Top of Entries provided

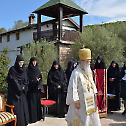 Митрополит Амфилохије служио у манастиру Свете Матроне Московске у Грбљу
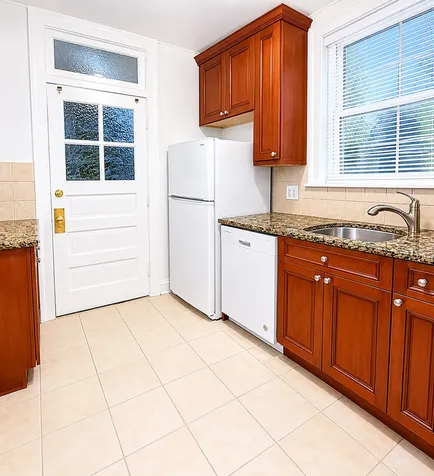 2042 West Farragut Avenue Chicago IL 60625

Bottom of Entries provided
Top of Entries provided

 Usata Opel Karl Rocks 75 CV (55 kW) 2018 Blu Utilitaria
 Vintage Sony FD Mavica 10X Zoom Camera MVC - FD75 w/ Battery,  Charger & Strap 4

Bottom of Entries provided
Top of Entries provided

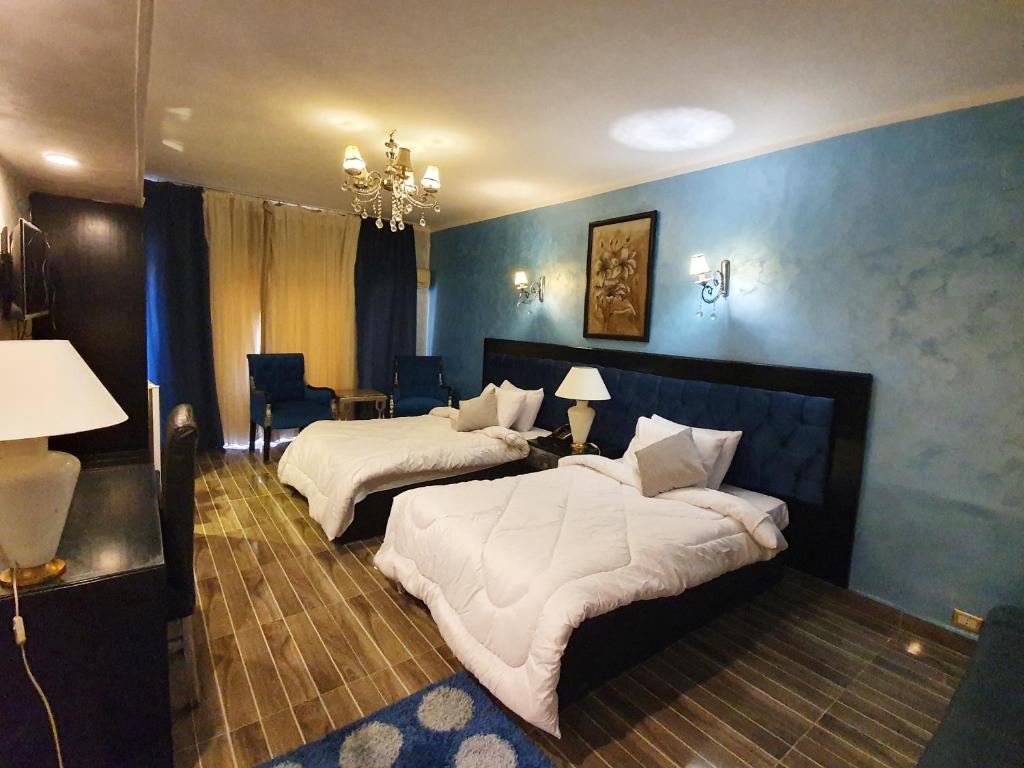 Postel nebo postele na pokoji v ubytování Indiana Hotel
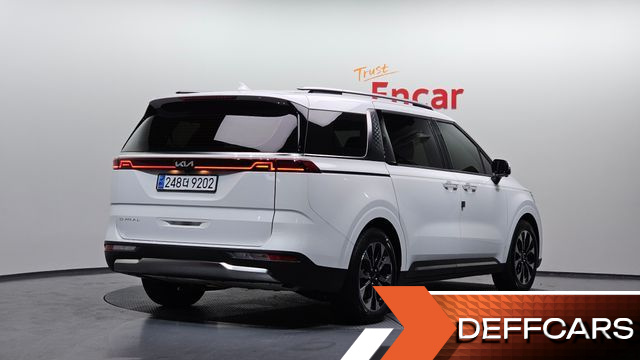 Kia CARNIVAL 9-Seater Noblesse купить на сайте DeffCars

Bottom of Entries provided

**Problem statement**.
Write down exactly the span of lines above from the one containing "Usata Opel Karl" to the one containing "Vintage Sony FD", both ends included.

**Solution**.
 Usata Opel Karl Rocks 75 CV (55 kW) 2018 Blu Utilitaria
 Vintage Sony FD Mavica 10X Zoom Camera MVC - FD75 w/ Battery,  Charger & Strap 4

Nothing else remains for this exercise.